The following controls are available on a per-application basis to tune the tradeoffs between a number of applications, application throughput, and GPU memory consumption.
replicas The number of instances of the application model that are simultaneously running. Running multiple instances of a model can increase the application throughput when multiple GPUs are available at the expense of more overall GPU memory consumption by the application's models. The default replicas is 1.
max_batch The number of media items that may be batched in a single model inference pass. Increasing the max_batch size may increase application throughput for smaller media items at the expense of higher latency. The default max_batch is 1.
runtime_policy specifies controls for managing the scenarios where all applications (including all application replicas) can not fit in GPU memory simultaneously, in which case models must be dynamically loaded and unloaded from GPU memory. Loading and unloading models from GPU memory is relatively slow (temporarily reducing throughput and increasing latency). Furthermore, in highly oversubscribed scenarios there can be large delays in acquiring a GPU with sufficient available memory. These policies allow the tradeoffs to be tuned for different usage patterns.
runtime_policy consists of the following:
model_load_policy
model_seconds
rtc_timeout_seconds
gpu_selection_policy
gpu_simul_load
where
model_load_policy is one of "realtime", "timebound", or "run-to-completion". This controls the policy for UNLOADING a model from GPU memory. This policy is needed because there is a latency associated with loading a model into GPU memory, and potentially an even more significant latency related to finding a GPU with sufficient available memory if the EdgeFlow is highly oversubscribed concerning the number of applications relative to the amount of GPU memory. The default model_load_policy is "realtime".

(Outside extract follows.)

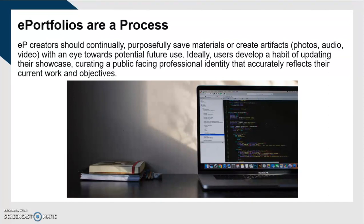If you have questions on this presentation, please feel free to email me. My email is mmize@odu.edu. We look forward to hearing from you.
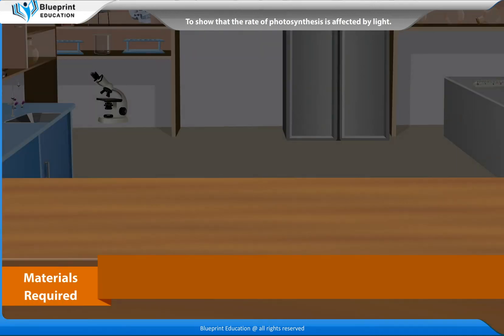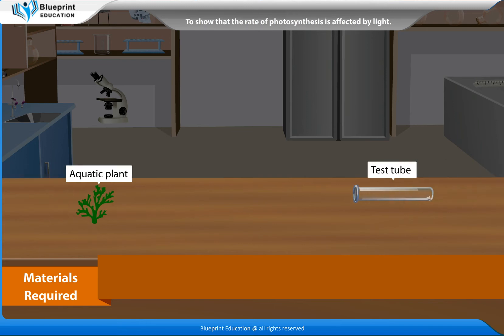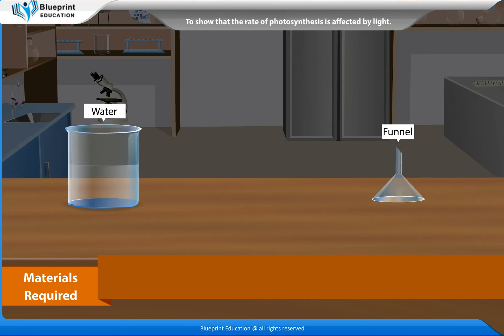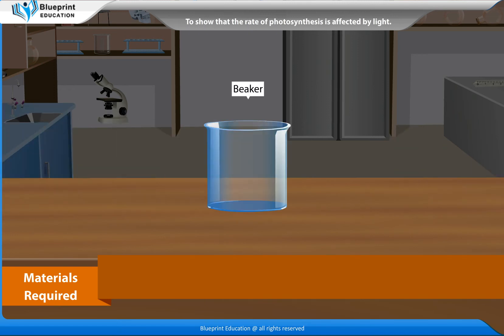The materials required are some twigs of an aquatic plant, for example Hydrilla, a test tube, water, a funnel, and a beaker.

The model will never be unloaded with the "realtime" policy (once successfully loaded). This provides the highest sustained throughput for applications processing constant media streams or can not otherwise absorb the latency or potential uncertainty associated with acquiring a GPU with sufficient memory available combined with the subsequent latency of loading the model into memory.
With the "timebound" policy, a model will be unloaded model_seconds (int) after successfully loading. The inference will be complete if the model_seconds expires while inference is in progress. Thus, a "timebound" policy with model_seconds of 0 always results in the model removal immediately after processing a single media batch. The default model_seconds is 0.
With the "run-to-completion" policy, a model will unload rtc_timeout_seconds (float) after its input queue is emptied of input media items. This policy is helpful for specific periodic application input patterns where the inputs may be somewhat spread out in time. For example, a usage pattern that expects to receive 4 images every 20 seconds, but the 4 images arrive over several seconds would be a good candidate for the "run-to-completion" policy. The default rtc_timeout_seconds is 5.
gpu_selection_policy is one of "instance-ix" or "by-free-memory". The default gpu_selection_policy is "by-free-memory".
When the "instance-ix" policy is selected, a model will be assigned to a GPU based on the replica index (0 to replicas - 1) modulo the total GPU count. This is more deterministic and most appropriate for realtime applications.
When "by-free-memory" policy is selected gpu_simul_load controls the number of models that are allowed to contend for a give GPU's available memory simultaneously. This is only relevant if there are many 10s of apps contending for each GPU. The default gpu_simul_load is 1.